9,000-year-old signs of farming found in India's Ganga plains
|View of the lush Indo-Gangetic plains |
[Credit: Rajesh Karkera]
A team of dedicated scientists led by Anjali Trivedi of BSIP and D P Tiwari, professor of Ancient Indian History and Archaeology department of LU found the 9,000-year-old pollen which proved existence of agricultural practices in the region during the Mesolithic age.
The study revealed that the region from Rae Bareli to Unnao had climate and vegetation suitable for farming at a time when humans in most of the world were surviving on hunting and trying to find new vegetable food sources.
"It could broadly be termed the Mesolithic (middle stone age) age and the area seemed to have human habitat with organised agricultural practices," said Anjali Trivedi.
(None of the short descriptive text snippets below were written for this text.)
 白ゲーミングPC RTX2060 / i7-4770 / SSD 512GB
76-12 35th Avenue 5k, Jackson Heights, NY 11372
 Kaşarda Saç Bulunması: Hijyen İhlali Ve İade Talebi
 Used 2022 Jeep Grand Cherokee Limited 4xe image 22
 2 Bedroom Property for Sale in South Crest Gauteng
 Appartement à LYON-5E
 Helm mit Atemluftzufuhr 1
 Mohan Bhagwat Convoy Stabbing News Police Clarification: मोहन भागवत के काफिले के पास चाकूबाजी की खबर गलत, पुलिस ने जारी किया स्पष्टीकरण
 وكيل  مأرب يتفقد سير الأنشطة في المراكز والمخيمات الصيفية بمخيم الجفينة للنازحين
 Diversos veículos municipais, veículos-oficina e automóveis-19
The study not only throws light on the climate, culture and human habitat it will also help in studying future climatic conditions. Moreover, it will help study palaeo lakes which include shifting of river due to tectonic activities or other reasons, she added.
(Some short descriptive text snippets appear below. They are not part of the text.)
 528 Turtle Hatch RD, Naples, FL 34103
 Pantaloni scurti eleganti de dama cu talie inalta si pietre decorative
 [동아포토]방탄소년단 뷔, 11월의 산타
Trivedi said the institute had earlier conducted a study on vegetation and climate change in the central Ganga plain from Jalesar Taal in Unnao. "This study will help in making a comparative study of the two districts," she said . The tree pollen invaded the grasslands with the increase in aquatic pollen portraying the strengthened monsoon which will help in studying future climatic condition and global warming, she said.